Beat Magazine .. melbourne 2006
Australia has a habit of producing fantastic local bands, and then neglecting them. This was the case of The Vagrants. Thankfully their name is true to their nature or we wouldn’t have the raw, warts and all power of their independent self titled first recording. Perhaps thanks to these nomadic tendencies The Vagrants are a unique sound in today’s aural landscape of local bands. Their choice of instruments gives them a point of difference to most bands, including the occasional saxophone, flute or harp. By far the greatest twist at their disposal has to be Renate Ludwig. In the tradition of Fiona Apple, Alanis, and Susie Di Marchi, the power of the vocal resonating out the littlest person in the room is unfathomable.
It was cold, it was wet, and it was St Kilda. Basically, the perfect setting for getting down and dirty with one of the greatest experiences that happens to haunt ol Melbourne town. Indeed, late afternoon on the day that Eurovision would later be taken out by a bunch of Nordic wankers who’d broken into Gwar’s trailed backstage at a gig in Helsinki years back, there were people out to see the jazz tinged blues rock of The Vagrants in the superbly decadent front bar of The Greyhound.
Renate (the singer) prowled, scowled the way into the grizzled punters hears, as formerly hirsute guitarist Steve Iorio tore the Greyhound apart like the re-incarnation of boogie Jesus, but way better at the blues.
The beers went down, the tunes went down, and the punters got down. They dropped the rockabilly jazz rock explosion of “That’s what life is like”, the groove ridden highway RAWK of “Accelerated Kharma”, and disgustingly funky folk blues rendition of “Wrong side of the Tracks”

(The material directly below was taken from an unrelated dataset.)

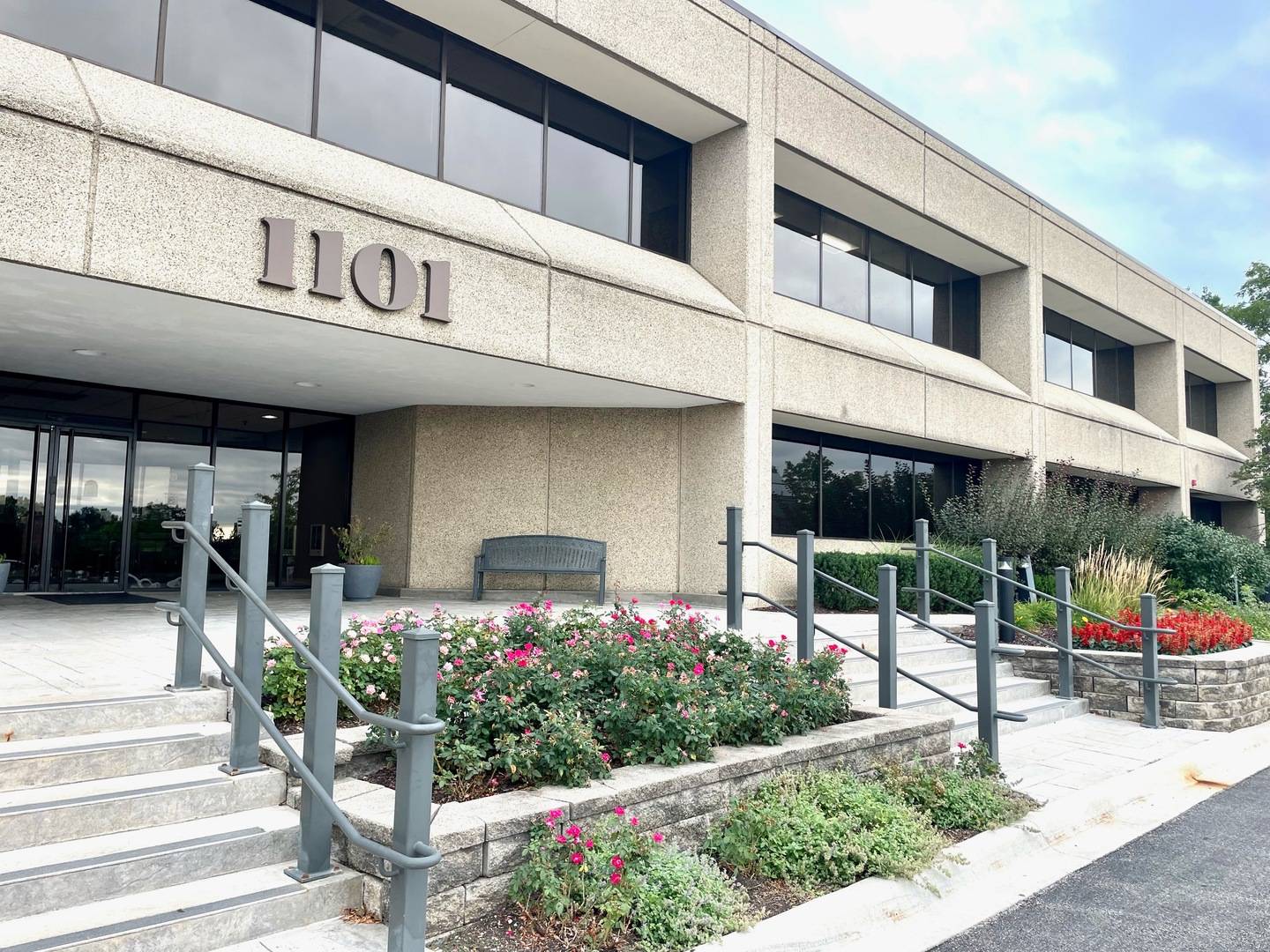 1101 31st ST #150, Downers Grove, IL 60515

They boogied their way into “Let’s Party” and subsequently, the party continued. The overlap of white boy funk meets restrained and upbeat rootsy bluesy folk meant that no matter who was there, be they old, you, young, sexy or homely, it was a joyous crowd. You’d actually be hard pushed to find a crowd as happy and as buoyant down in St Kilda on a cold wet Sunday Afternoon.
But then, that’s the nature of The Vagrants. Their groove gets under your skin; the riffs make your toes go at angles away from your knees. It’s like getting pissed on the mandibles of funk and expounding all that’s fun in life. Melbourne should be proud.